Evelyne Jimenez / dimanche 18 janvier 2009

 

Cosmopolitiques :Vous faites partie du troisième âge heureux et en bonne santé. Quel est votre secret ?

 

Charles Damm :Lorsqu’en pleine force de l’âge, à cinquante-cinq ans, j’ai été mis en préretraite, c’est une nouvelle jeunesse qui a commencé pour moi. D’ailleurs je suis retourné sur les bancs de l’Université, suivre des cours de philosophie, de dessin, d’histoire de l’art. Je me suis inscrit à un club d’échec, mais j’ai vite laissé tomber parce que l’esprit de compétition qui y régnait ne me plaisait pas, c’était trop contraire au plaisir du jeu, tel que je le pratiquais dans ma jeunesse en Hongrie. Et puis j’ai découvert le taï chi chuan, après avoir pratiqué le judo, le karaté, et l’aïkido. Une malformation congénitale de la hanche m’avait toujours incité à faire du sport pour rééquilibrer musculairement mon handicap. Mais avec l’âge les sports trop violents ne me convenaient plus. Le taï chi chuan m’a attiré parce que c’est une discipline davantage axée sur la santé et la méditation dynamique que les arts martiaux, dont le côté martial l’emporte largement sur le mental. Dans la pensée chinoise, on prône de ne jamais vivre au-dessus de ses moyens physiques, car on n’obtient rien par la force et tout par la souplesse.

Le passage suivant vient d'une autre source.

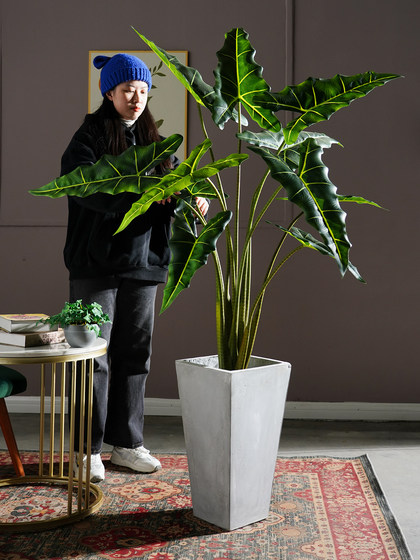 2026 new product Salian Alocasia large simulated artificial tree decoration green plant bionic plant indoor living room landscaping ornaments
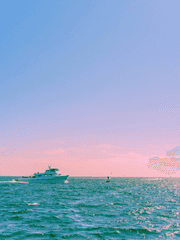 원피스 글 모음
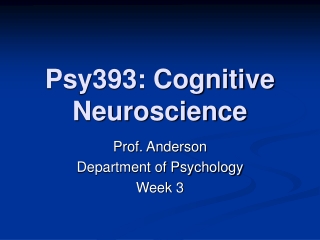 Psy393: Cognitive Neuroscience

Le taï chi chuan m’a tellement plu que, pour aller plus loin dans ma compréhension des textes qui en décrivent les principes, j’ai ressenti le besoin d’apprendre le chinois. En effet j’étais agacé de trouver des traductions différentes d’un même texte. J’ai eu envie de déchiffrer moi-même, pour découvrir le sens de ces idéogrammes si esthétiques. Et là j’ai pu pratiquer à la fois le dessin et la philosophie en découvrant une langue qui m’ouvrait des champs de réflexion extraordinaires. J’ai compris pourquoi il était si difficile de traduire la pensée chinoise, car chaque caractère n’est pas un mot, mais une image, et même plutôt une vision, qui permet une interprétation très différente en fonction du contexte et des associations d’idées liées au symbole. En Chine la calligraphie est un art très supérieur à la peinture, et ceux qui la pratiquent expriment non seulement une pensée, mais aussi une façon d’être.